Wir sind in der Sensibilisierungsphase!

„Ältere Menschen in ihrer analogen Welt dürfen nicht abgehängt werden!“ „Die Jugendlichen schauen doch nur auf ihr Smartphone und nehmen am Leben gar nicht mehr teil.“ „Facebook ist böse.“ „Datenschutz ist das wichtigste!“ „Vorschläge der Jugend müssen priorisiert werden und sind hier im Ausschuss von uns Politikern zu beschließen!“

Aufbruch gewünscht?

Sie wollen die Kontrolle behalten – und haben sie längst verloren. Sie sollen Zukunft gestalten, der sie aber längst meilenweit abgeschlagen hinterher hecheln. Ihr Altersdurchschnitt liegt zwischen 55 und 60. Längst ist ihnen bewusst, dass die Jüngeren ihnen eigentlich die digitale Welt erklären müssten. Längst sind sie aus dem Paradies der 80er Jahre vertrieben, als die Welt noch den Kalten Krieg kannte und die soziale Marktwirtschaft für Gemeinschaft sorgte und Computer etwas war für Spinnerte. Sie tun alles, um dieses bekannte analoge Leben noch ein klein wenig zu verlängern. Viele Verantwortliche in den Räten und Gremien stehen derzeit vor einem Epochenwandel.

Ähnlich unter Druck gefühlt haben sich wahrscheinlich zum letzten Mal ihre Vorfahren vor rund 100 Jahren: da war es die Elektrifizierung, die eine gesamte Gesellschaft aus den Angeln hob. Damals, als Strom auch nur einen An- und einen Ausschalter kannte. Kaum jemand dürfte einst erkannt haben, wie sehr elektrischer Strom die Welt verändern würde.

Nun steht wieder ein tektonisch bedeutsamer Kulturwandel an. Digitalisierung. Die kommunalen Entscheider sind gefragt, diesen Wandel zu gestalten. Wie kann das gelingen, wenn der Zug bereits volle Fahrt aufgenommen hat – nur nicht in der eigenen Stadt? Wie kann man glaubhaft vermitteln, man habe hier noch alles im Griff?

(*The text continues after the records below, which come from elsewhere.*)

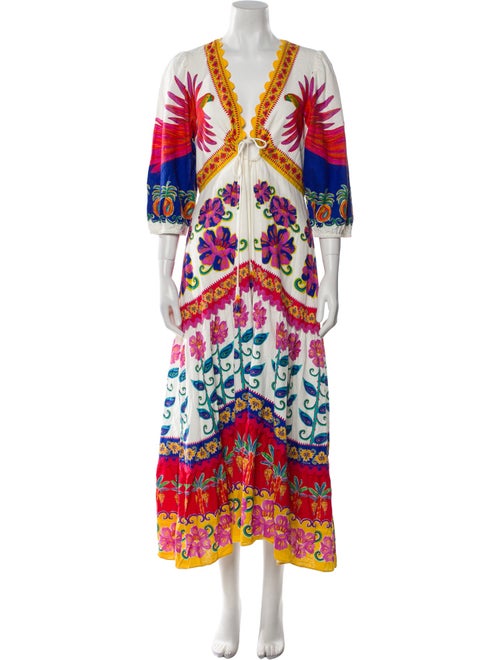 Farm Rio Linen Long Dress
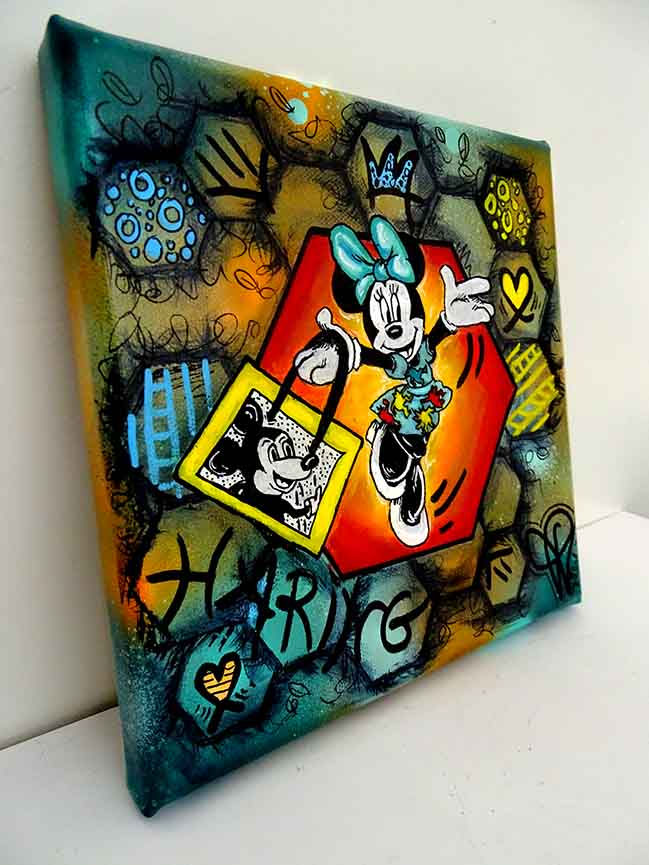 Thumbnail: peinture pop art minnie haring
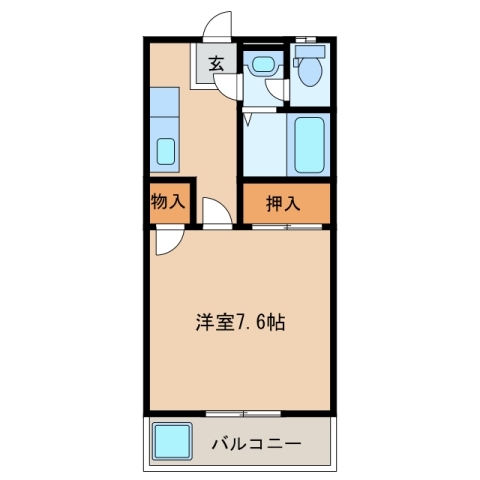 2階の間取り図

Viele Fragen, die sich da auftürmen. Unlängst saß ich auf der Zuschauertribüne in einer mittelgroßen Stadt und schaute zu, wie sich Kommunalpolitiker mit dem Thema Digitalisierung auseinandersetzten. In 26 Tagen leben wir im Jahr 2018. Seit Jahren ist das Thema Digitalisierung bekannt. Hier allerdings befasst man sich zunächst noch mit einer Idee für einen gesamtstädtischen Prozess. Bisher steht Digitales lediglich in Buzzwörtern auf dem Papier: Digitale Infrastruktur, Künstliche Intelligenz, Internet der Dinge, Handlungsfelder. Das gesamte Repertoire an üblichem Bullshit-Bingo ist versammelt. Eindrücklich zeigen die großen Wörter Wirkung, drücken die politischen Entscheider noch tiefer in ihre Sessel. Vorgetragen wird diese neue Welt von einem externen Berater, der gleich einem Rufer in der Wüste von Galaxien spricht, die niemand sonst im Raum je betreten hat.

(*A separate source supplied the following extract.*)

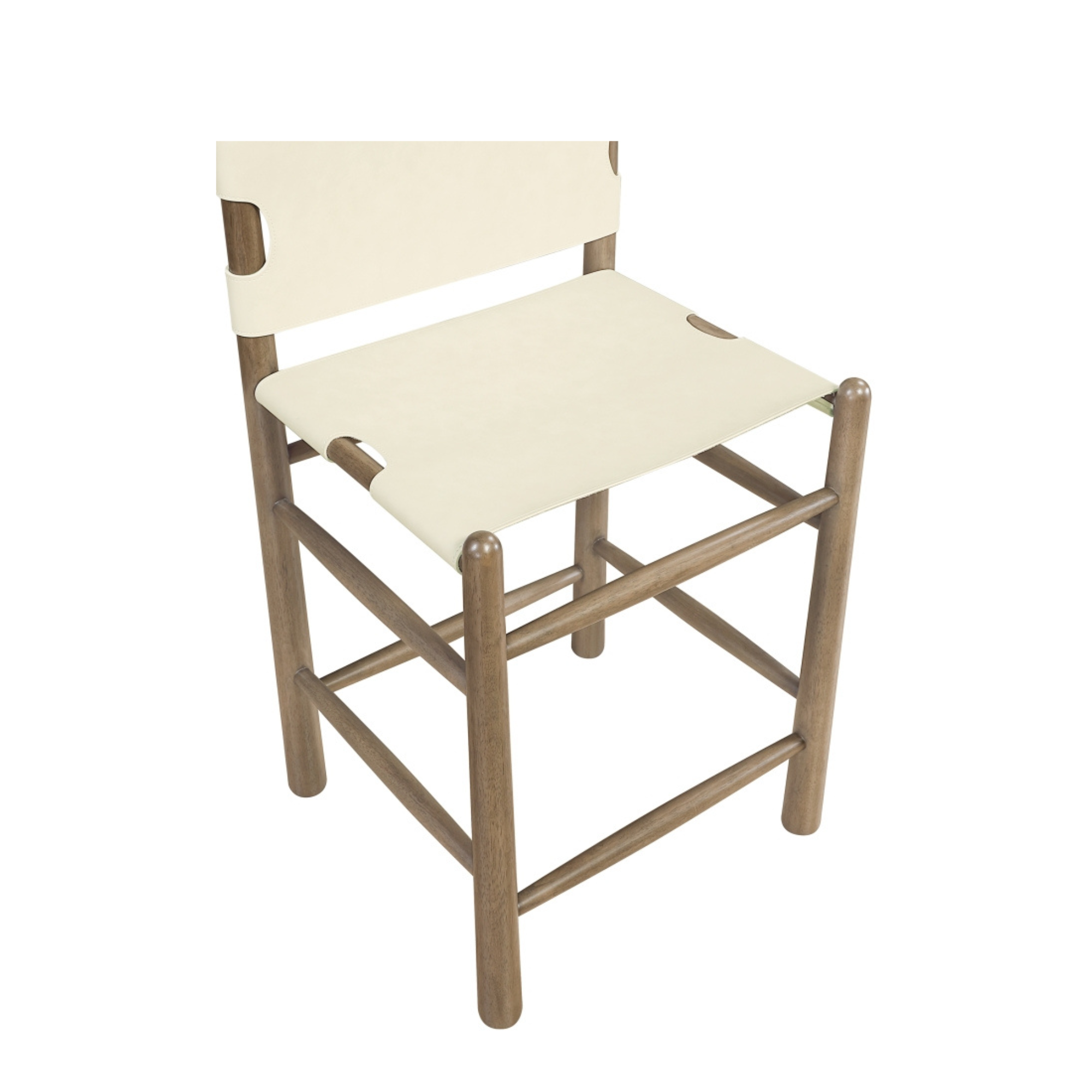 Alma Leather Counter Stool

Auf den Rängen im Zuschauerraum ist es mit Händen greifbar: Am liebsten wäre es ihnen da unten, wenn alles so bliebe, wie es ist – analog. Digitales kann gerne in der Zeitung stehen und man kann auch gerne drüber reden – aber Veränderung im eigenen Lebensbereich ist nicht das Ziel. So in etwa könnte ein jeder sein Leben gestalten, wenn man Ü50 ist und Privatmensch: sich entscheiden, Distanz zu nehmen von Fortschritt und Gestaltung und auch im Berufsleben so langsam an die Rente denken. Diese Generation wird sie wahrscheinlich noch erhalten. Für Menschen, die politische Verantwortung tragen und damit Entscheidungen treffen, die von weitreichender Relevanz sind für eine ganze Stadtgesellschaft inklusive für die nächste Generation ist diese Haltung des kommoden Einrichtens in der altbekannten analogen Welt jedoch Sprengstoff – der dann detoniert, wenn die fatalen Folgen dieser Fehlhaltung Wirkung zeigen aber die Verantwortlichen längst ihre Ruhegelder genießen und nicht mehr greifbar sind.

bitte nicht benutzen

Einige Highligts der Debatte:

Breitband. Bemängelt wird das Fehlen einer digitalen Infrastruktur. Moniert wird, Glasfaser sei künftig ebenbürtig mit Wasser, Strom und Gas. Man spricht von Daseinsvorsorge. Vergessen ist, dass sie selbst es sind, die sich seit Jahren um eben diese Glasfaser hätten kümmern sollen. Vergessen ist, dass sie niemals die Hand gehoben haben dafür, dass eine Stadt einen Anschluss an die Gigabit-Gesellschaft erhält. Vergessen ist in Mitte der Ratsperiode, dass sie bereits zur ihrem Amtsantritt keine Verantwortung für dieses Thema übernommen und diesen Umstand auch bis heute nicht korrigiert haben. Kritisieren sie das Fehlen von Glasfaser – kritisieren sie sich selbst.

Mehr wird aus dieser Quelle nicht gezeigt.